Kenapa kasus TPPO masih terus ada hingga kini?
Kasus TPPO dapat dikatakan tidak ada habis-habisnya. Meskipun sudah banyak warga Indonesia yang menjadi korban TPPO, tidak menutup alasan untuk bertambahnya korban TPPO di Indonesia. Hal ini seakan tidak ingin berkaca dari kasus-kasus yang pernah terjadi. Sejak tahun 2020 hingga Maret 2034, Kementerian Luar Negeri telah menangani 3.703 WNI yang menjadi korban TPPO dan terlibat scam online (penipuan secara online). Untuk kasus yang terjadi di Myanmar terdapat 107 pengaduan dengan 44 WNI diantaranya telah berhasil kembali ke Indonesia.
Banyak faktor yang melatar belakangi kenapa kasus TPPO masih terus terjadi, diantaranya faktor lingkungan, faktor ekonomi, dan pendidikan. Dapat dikatakan ketiga faktor tersebut saling berkaitan. Ketika mengalami kendala ekonomi, maka seseorang akan berinisiatif untuk mencari pekerjaan. Ketika melihat lingkungan sekitar (tetangga) yang bekerja di luar negeri dan mendapatkan gaji yang lumayan, maka seseorang akan tergiur untuk mendapatkan pekerjaan yang serupa. Namun, karena pendidikan yang kurang mereka akan rawan untuk mengalami penipuan karena hanya berfokus pada gaji yang jumlahnya tidak sedikit.
Kementerian Luar Negeri pun tidak lelah untuk menghimbau kepada masyarakat Indonesia untuk berhati-hati ketika mendapatkan tawaran pekerjaan di luar negeri, tetapi tidak dilengkapi visa kerja resmi dan kontrak kerja yang jelas sebelum berangkat.

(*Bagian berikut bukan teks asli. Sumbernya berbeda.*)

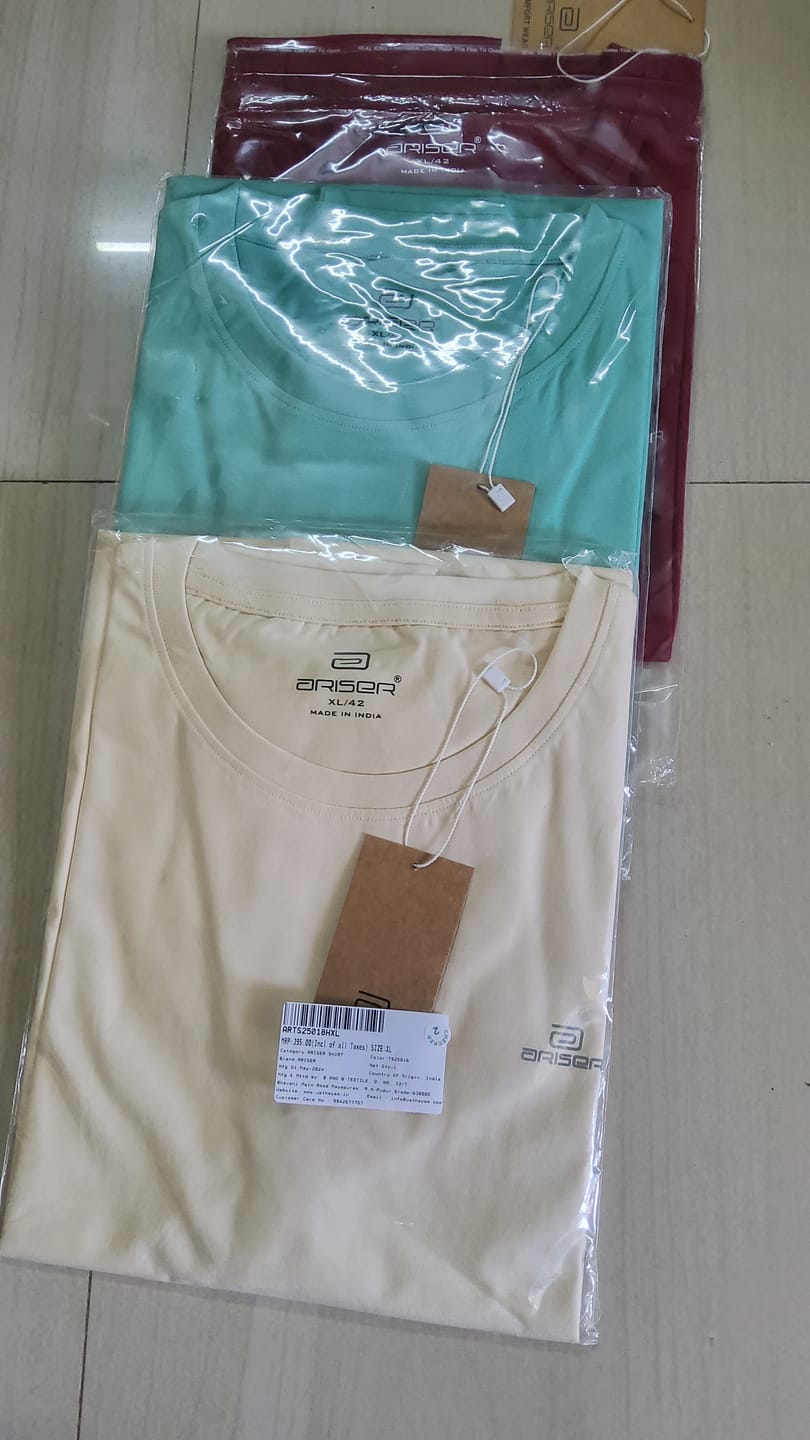 Customer photo review of Ariser Cotton Round Neck Solid T-Shirt Combo - 84 (Pack Of 3)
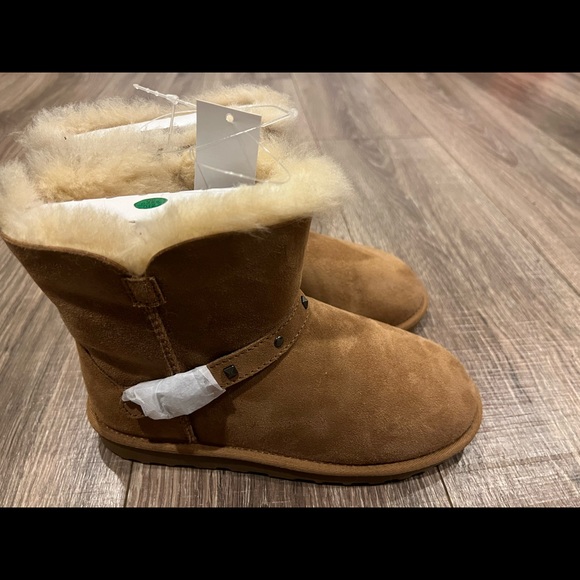 Kirkland Kid’s Shearling Boots - Picture 2 of 5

“Diimbau para WNI meminta informasi dan prosedur resmi bekerja ke luar negeri melalui Ketenagakerjaan (Kemnaker), BP2MI, atau Dinas Tenaga Kerja setempat,” kata Judha Nugraha.

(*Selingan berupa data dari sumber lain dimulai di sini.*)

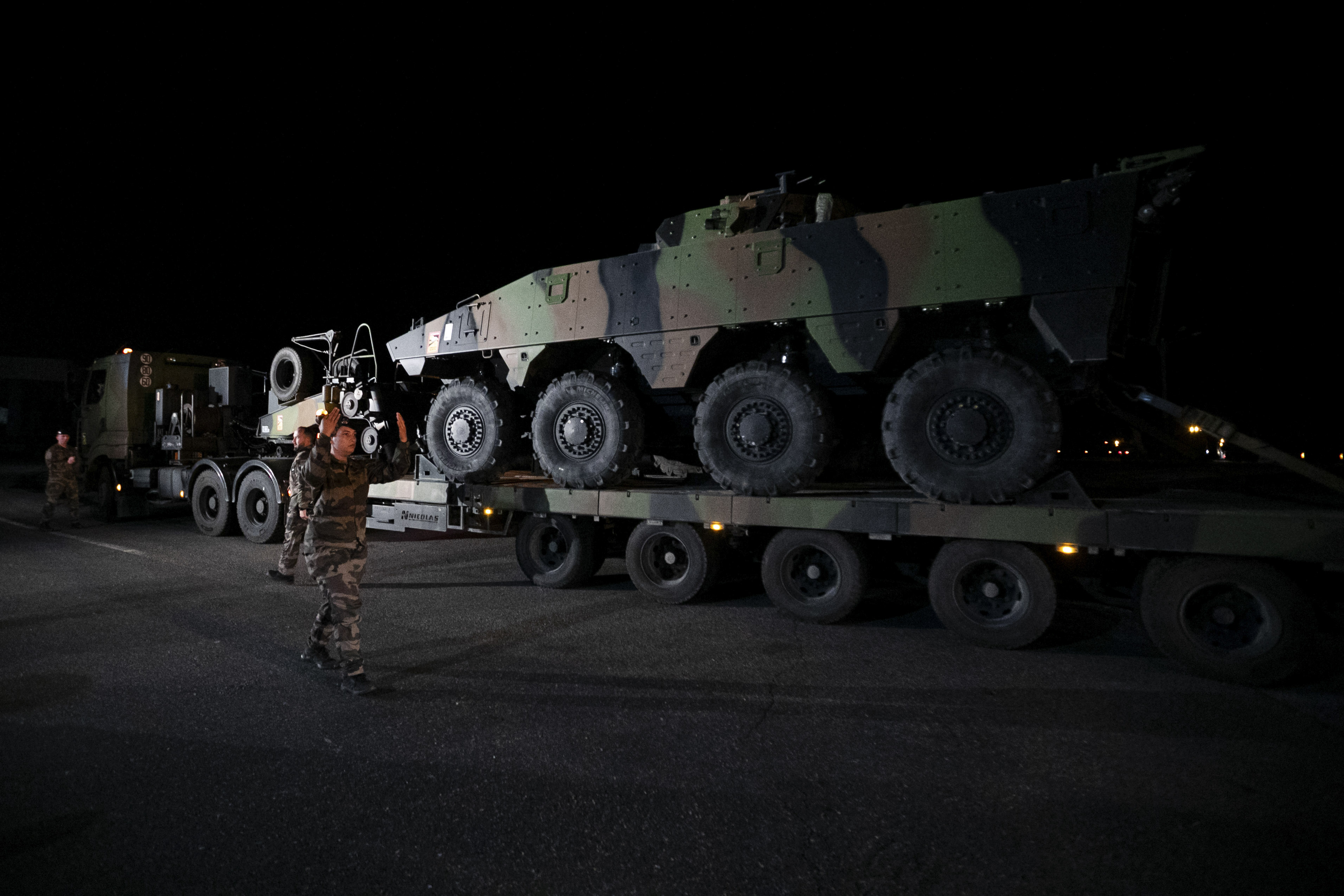 „Operațiunea Balaur”. Două convoaie cu tehnică militară franceză au intrat în România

Berdasarkan data United Nations Office on Drugs and Crime (UNODC), TPPO merupakan kejahatan terbesar ke-3 di dunia. Oleh karena itu, kasus TPPO bukanlah masalah yang dapat disepelekan. Terlebih TPPO dapat melanggar tujuh jenis hak, yaitu hak untuk hidup, hak memperoleh keadilan, hak atas kebebasan, hak atas rasa aman, hak atas kesejahteraan, hak perempuan, dan hak anak. Maka dari itu, jangan pernah mudah untuk tergiur dengan gaji yang fantastis, tetapi kejelasan pekerjaannya terlalu mudah, seperti tidak membutuh kualifikasi khusus dan pendaftaran yang cenderung aman.